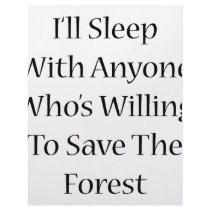 I'll Sleep With Anyone Who Is Willing To Save The letterhead by Supernova23 I'll Sleep With Anyone Who Is Willing To Save The letterhead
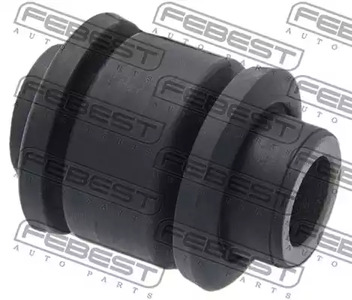 Подвеска стойкы вала FEBEST TAB-503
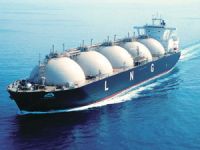 SEA/LNG’ye üç yeni üye daha katıldı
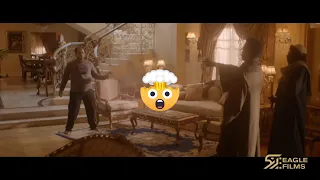 محمد رمضان أخد بثأره وثأر كل اللي انظلموا أجمل مشاهد ابن حلال  محمد رمضان أخد بثأره وثأر كل اللي انظلموا أجمل مشاهد ابن حلال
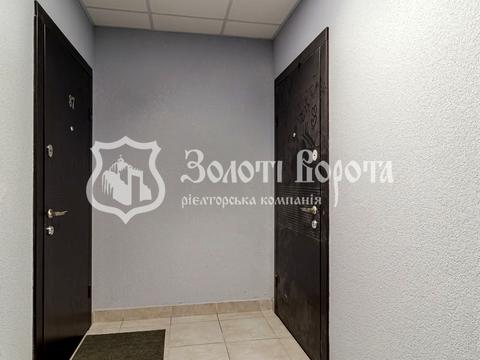 квартира за адресою Науки просп., 58в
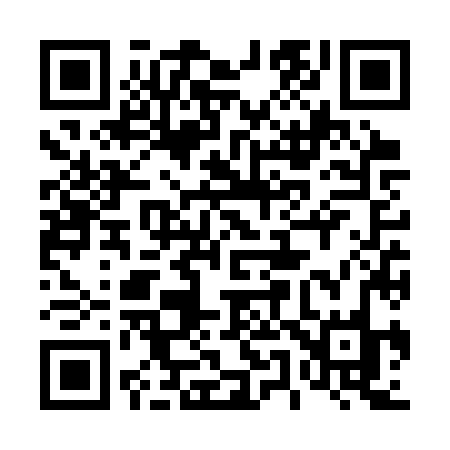 QR code for 456SZO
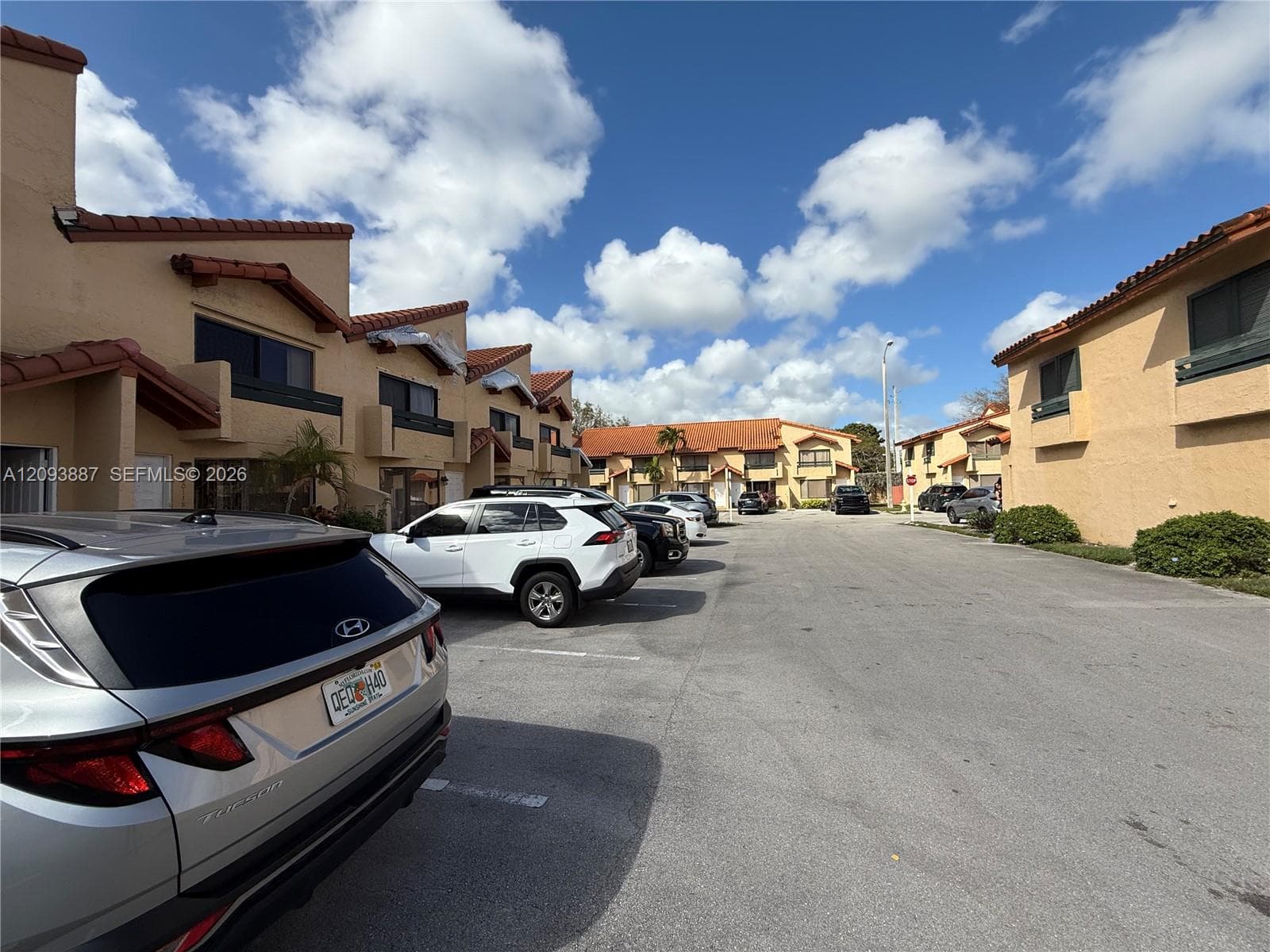 10120 SW 77th Ct #10120 photo 4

__________________________________________________

* [Work item] Lines from the one holding "квартира за адресою Науки просп., 58в" to the end of the data, both ends included, are to be given again exactly; no pictures belong in the copy.

* [Worked solution]
 квартира за адресою Науки просп., 58в
 QR code for 456SZO
 10120 SW 77th Ct #10120 photo 4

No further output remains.